Again, pretty simple. We have two versions of SQL Server, three different types of table structures, and three different compression methods, for a total of 18 tests:

Version	Table / Column Layout	None	Page	Row
Version	Table / Column Layout	Compression
SQL Server 2008 SP1 (10.00.2723.0, x64)	Heap / nvarchar(2048)	•	•	•
SQL Server 2008 R2 (10.50.1092.0, x64)	Heap / nvarchar(2048)	•	•	•
SQL Server 2008 SP1	Clustered / nvarchar(450)	•	•	•
SQL Server 2008 R2	Clustered / nvarchar(450)	•	•	•
SQL Server 2008 SP1	Clustered / 4 * nvarchar(32)	•	•	•
SQL Server 2008 R2	Clustered / 4 * nvarchar(32)	•	•	•

Full disclosure: these are two named instances on the same hardware, running in a virtual machine, with 4 virtual processors and 8 GB of RAM. The operating system is Windows Server 2008 R2 x64 RTM, the underlying disks are SATA, the host operating system is Mac OS 10.5.6, and the VM was built using VMWare Fusion 2.0.

Measurements

Performance metrics : from a trace, I will measure Duration, Reads, Writes, and CPU.
Storage metrics : sys.dm_db_partition_stats will show how much space is occupied by each version of the table.

Data

I borrowed some random characters from Alan Wood's page, Samples of Unicode character ranges.

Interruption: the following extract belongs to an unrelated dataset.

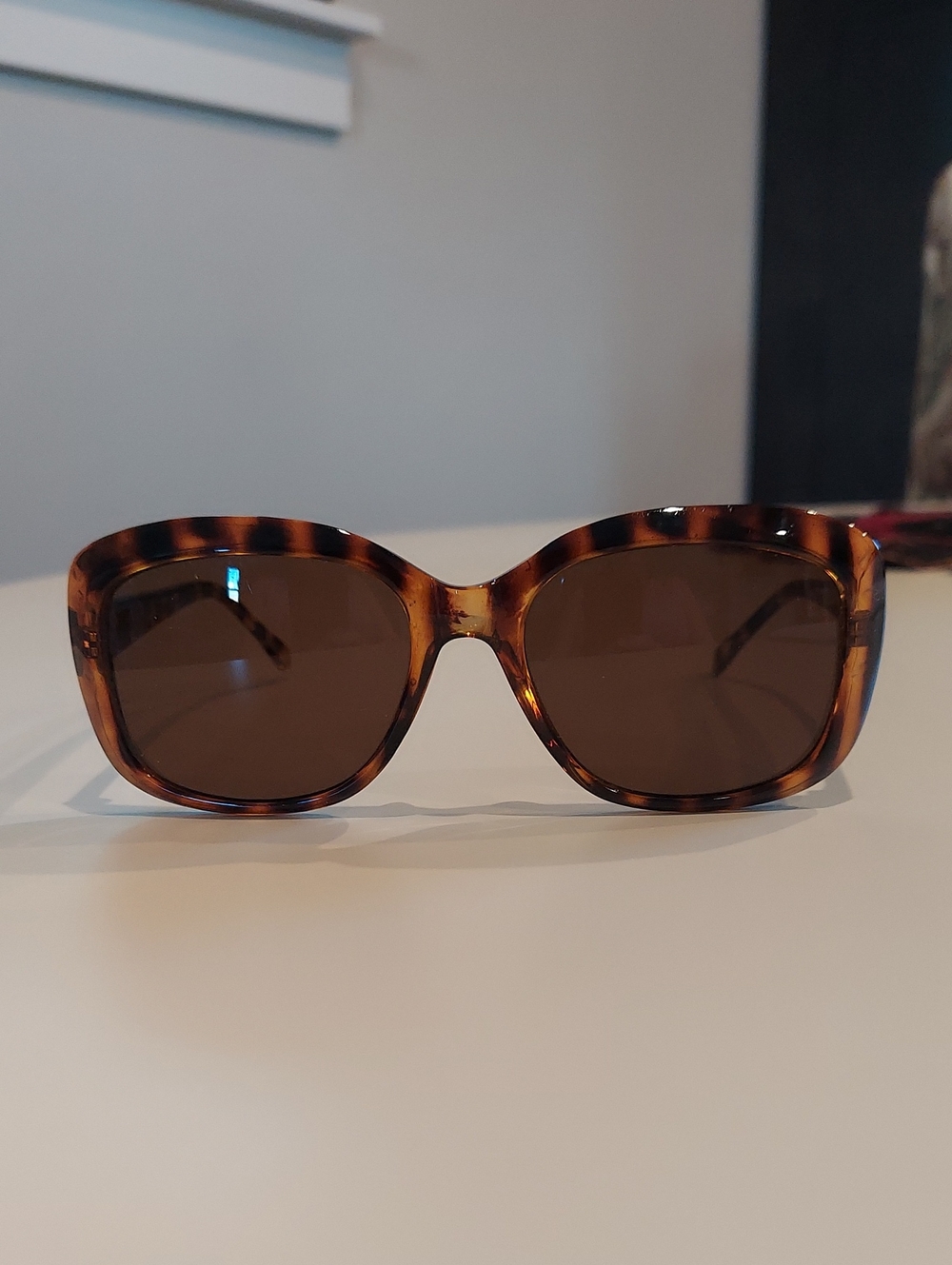 Vintage Tortoiseshell Sunglasses - Square Brown Lenses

The initial string I used to generate random data, literally across many different languages and characters sets, is as follows:

DECLARE @f nvarchar(2048) 
  = N'üäāšßåøæ¥Ñ龥ñЉЩщӃ※℀℃№™③㒅㝬㿜abcdefg1234567890';

Database and Login

In order to make trace filtering easy, I am going to create a dedicated database and login for these tests. Since I am not very creative, I am going to call both UnicodeTesting. Connecting as sa, I repeat this script on both the 2008 and 2008 R2 instances:

USE [master];
GO
IF DB_ID(N'UnicodeTesting') IS NOT NULL
BEGIN
    ALTER DATABASE UnicodeTesting 
      SET SINGLE_USER WITH ROLLBACK IMMEDIATE;
    DROP DATABASE UnicodeTesting;
END
GO
CREATE DATABASE UnicodeTesting;
GO
IF USER_ID(N'UnicodeTesting') IS NOT NULL
    DROP LOGIN UnicodeTesting;
GO
CREATE LOGIN UnicodeTesting
    WITH PASSWORD    = N'UnicodeTesting',
    DEFAULT_DATABASE = [UnicodeTesting],
    CHECK_EXPIRATION = OFF,
    CHECK_POLICY     = OFF;
GO
ALTER AUTHORIZATION 
  ON DATABASE::UnicodeTesting 
  TO UnicodeTesting;
GO 
USE UnicodeTesting;
GO
CREATE TABLE dbo.indexstats
(
   description            varchar(20),
   index_id               int,
   in_row_data_page_count bigint,
   used_page_count        bigint,
   reserved_page_count    bigint,
   row_count              bigint
);
GO

The Tests

In the first test, I will create a single-column heap. I am going to be tracing this activity (using SQL:BatchCompleted), so adding the type of compression in use at the beginning of each batch will allow me to easily group and aggregate based on each type of compression.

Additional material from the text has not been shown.